RECORDS SHOWN below:

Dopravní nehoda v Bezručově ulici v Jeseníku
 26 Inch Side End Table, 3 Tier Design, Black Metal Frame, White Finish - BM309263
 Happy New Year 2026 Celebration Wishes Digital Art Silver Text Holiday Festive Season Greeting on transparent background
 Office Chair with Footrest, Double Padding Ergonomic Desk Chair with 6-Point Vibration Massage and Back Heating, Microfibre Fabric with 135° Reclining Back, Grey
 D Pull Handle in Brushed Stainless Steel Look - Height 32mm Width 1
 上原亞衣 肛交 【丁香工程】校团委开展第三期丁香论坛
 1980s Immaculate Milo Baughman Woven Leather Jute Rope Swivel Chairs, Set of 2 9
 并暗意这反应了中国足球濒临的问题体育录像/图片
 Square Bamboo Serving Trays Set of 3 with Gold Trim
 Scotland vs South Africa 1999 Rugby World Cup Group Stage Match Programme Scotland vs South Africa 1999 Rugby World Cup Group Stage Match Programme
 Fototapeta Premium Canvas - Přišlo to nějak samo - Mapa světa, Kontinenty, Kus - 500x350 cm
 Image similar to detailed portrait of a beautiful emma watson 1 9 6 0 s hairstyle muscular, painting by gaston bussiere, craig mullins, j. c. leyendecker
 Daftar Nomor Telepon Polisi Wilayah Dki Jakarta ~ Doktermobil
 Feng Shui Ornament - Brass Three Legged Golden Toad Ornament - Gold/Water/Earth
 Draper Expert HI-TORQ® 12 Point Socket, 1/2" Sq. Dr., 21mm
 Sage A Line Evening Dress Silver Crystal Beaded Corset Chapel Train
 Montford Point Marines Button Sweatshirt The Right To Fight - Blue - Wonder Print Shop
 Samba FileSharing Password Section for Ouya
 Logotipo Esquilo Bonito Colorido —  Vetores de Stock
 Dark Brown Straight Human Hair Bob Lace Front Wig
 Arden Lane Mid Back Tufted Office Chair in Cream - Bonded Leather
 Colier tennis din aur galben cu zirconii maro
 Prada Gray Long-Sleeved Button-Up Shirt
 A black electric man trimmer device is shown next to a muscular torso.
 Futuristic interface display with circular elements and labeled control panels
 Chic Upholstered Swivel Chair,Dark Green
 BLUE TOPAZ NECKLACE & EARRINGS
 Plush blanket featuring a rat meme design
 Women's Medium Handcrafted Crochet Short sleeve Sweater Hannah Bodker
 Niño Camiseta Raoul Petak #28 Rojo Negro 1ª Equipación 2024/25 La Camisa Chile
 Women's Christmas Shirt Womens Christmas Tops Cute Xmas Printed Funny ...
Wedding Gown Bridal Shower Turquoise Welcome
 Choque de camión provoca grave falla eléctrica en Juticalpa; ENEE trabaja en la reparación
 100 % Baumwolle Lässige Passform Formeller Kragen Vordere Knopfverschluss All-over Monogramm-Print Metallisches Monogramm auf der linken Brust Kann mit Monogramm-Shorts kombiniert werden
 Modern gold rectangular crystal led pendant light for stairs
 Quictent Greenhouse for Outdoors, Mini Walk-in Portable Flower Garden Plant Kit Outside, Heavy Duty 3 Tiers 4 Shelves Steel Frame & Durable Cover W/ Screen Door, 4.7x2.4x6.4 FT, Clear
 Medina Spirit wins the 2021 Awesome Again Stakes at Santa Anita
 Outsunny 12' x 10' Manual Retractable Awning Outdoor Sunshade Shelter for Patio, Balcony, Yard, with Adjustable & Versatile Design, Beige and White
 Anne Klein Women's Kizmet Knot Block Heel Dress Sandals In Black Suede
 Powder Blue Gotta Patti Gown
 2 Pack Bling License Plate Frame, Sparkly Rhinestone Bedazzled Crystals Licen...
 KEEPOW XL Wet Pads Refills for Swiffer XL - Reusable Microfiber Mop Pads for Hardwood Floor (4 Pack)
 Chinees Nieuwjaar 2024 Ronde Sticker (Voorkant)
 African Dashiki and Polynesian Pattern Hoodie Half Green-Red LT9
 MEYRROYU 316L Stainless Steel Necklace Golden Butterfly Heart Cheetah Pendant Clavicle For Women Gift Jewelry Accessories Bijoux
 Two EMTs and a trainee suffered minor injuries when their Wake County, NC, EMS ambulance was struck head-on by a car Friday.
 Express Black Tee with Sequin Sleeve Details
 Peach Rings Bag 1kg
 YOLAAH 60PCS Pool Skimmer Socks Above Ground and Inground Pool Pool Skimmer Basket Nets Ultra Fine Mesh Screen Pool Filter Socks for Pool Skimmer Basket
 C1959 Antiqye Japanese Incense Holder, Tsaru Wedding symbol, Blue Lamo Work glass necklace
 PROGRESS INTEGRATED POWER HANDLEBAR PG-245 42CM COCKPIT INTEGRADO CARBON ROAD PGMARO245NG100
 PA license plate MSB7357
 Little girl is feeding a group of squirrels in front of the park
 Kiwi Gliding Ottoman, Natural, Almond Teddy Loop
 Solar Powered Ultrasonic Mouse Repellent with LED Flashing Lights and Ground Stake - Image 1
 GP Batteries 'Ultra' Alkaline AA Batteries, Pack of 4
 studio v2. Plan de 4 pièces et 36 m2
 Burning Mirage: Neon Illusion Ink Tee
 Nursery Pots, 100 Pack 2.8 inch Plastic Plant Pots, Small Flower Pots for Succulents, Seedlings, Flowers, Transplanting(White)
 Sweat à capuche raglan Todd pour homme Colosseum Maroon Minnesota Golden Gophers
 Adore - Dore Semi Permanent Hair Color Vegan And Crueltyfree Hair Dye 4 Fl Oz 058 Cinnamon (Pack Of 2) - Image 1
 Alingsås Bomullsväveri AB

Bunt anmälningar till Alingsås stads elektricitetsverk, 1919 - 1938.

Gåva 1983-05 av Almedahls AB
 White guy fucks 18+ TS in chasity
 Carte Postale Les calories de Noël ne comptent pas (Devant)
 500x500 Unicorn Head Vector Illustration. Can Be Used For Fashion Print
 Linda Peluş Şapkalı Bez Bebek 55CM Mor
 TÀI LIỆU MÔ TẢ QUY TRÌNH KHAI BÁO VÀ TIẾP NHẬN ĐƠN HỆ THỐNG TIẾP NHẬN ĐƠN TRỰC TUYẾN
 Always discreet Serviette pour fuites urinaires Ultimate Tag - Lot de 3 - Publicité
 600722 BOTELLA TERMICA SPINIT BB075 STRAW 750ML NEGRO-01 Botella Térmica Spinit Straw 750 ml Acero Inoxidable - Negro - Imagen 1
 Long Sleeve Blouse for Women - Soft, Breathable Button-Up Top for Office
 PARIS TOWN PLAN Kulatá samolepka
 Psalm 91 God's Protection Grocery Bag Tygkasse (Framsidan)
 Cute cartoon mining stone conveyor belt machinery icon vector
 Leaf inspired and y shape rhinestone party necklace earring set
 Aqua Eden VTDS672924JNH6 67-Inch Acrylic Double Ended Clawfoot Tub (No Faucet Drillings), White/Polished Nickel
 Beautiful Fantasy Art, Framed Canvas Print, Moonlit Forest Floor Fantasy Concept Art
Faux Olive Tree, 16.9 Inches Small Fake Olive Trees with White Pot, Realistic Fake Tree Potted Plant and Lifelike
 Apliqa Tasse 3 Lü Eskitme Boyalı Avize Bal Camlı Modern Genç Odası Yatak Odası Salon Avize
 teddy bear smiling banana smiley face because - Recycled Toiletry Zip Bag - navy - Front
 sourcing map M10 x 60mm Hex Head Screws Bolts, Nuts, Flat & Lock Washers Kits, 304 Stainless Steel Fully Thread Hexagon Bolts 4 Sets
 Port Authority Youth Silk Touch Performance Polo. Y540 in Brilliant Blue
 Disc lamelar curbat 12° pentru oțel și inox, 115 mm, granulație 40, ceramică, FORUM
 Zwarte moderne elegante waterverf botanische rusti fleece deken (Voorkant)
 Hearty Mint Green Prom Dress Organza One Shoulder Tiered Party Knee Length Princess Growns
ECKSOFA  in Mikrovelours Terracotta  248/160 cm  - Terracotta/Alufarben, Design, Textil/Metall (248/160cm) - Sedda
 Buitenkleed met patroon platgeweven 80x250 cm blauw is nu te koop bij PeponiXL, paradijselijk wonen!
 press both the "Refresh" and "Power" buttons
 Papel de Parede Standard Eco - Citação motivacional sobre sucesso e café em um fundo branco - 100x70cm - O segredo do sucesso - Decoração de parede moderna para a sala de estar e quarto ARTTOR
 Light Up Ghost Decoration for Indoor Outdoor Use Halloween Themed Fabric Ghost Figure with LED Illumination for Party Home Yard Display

End of RECORDS SHOWN.

■ TASK TO COMPLETE
Above are the lines; repeat exactly the ones from the line containing "Futuristic interface display" down to the line containing "Medina Spirit wins", both inclusive.

■ TASK ANSWER
 Futuristic interface display with circular elements and labeled control panels
 Chic Upholstered Swivel Chair,Dark Green
 BLUE TOPAZ NECKLACE & EARRINGS
 Plush blanket featuring a rat meme design
 Women's Medium Handcrafted Crochet Short sleeve Sweater Hannah Bodker
 Niño Camiseta Raoul Petak #28 Rojo Negro 1ª Equipación 2024/25 La Camisa Chile
 Women's Christmas Shirt Womens Christmas Tops Cute Xmas Printed Funny ...
Wedding Gown Bridal Shower Turquoise Welcome
 Choque de camión provoca grave falla eléctrica en Juticalpa; ENEE trabaja en la reparación
 100 % Baumwolle Lässige Passform Formeller Kragen Vordere Knopfverschluss All-over Monogramm-Print Metallisches Monogramm auf der linken Brust Kann mit Monogramm-Shorts kombiniert werden
 Modern gold rectangular crystal led pendant light for stairs
 Quictent Greenhouse for Outdoors, Mini Walk-in Portable Flower Garden Plant Kit Outside, Heavy Duty 3 Tiers 4 Shelves Steel Frame & Durable Cover W/ Screen Door, 4.7x2.4x6.4 FT, Clear
 Medina Spirit wins the 2021 Awesome Again Stakes at Santa Anita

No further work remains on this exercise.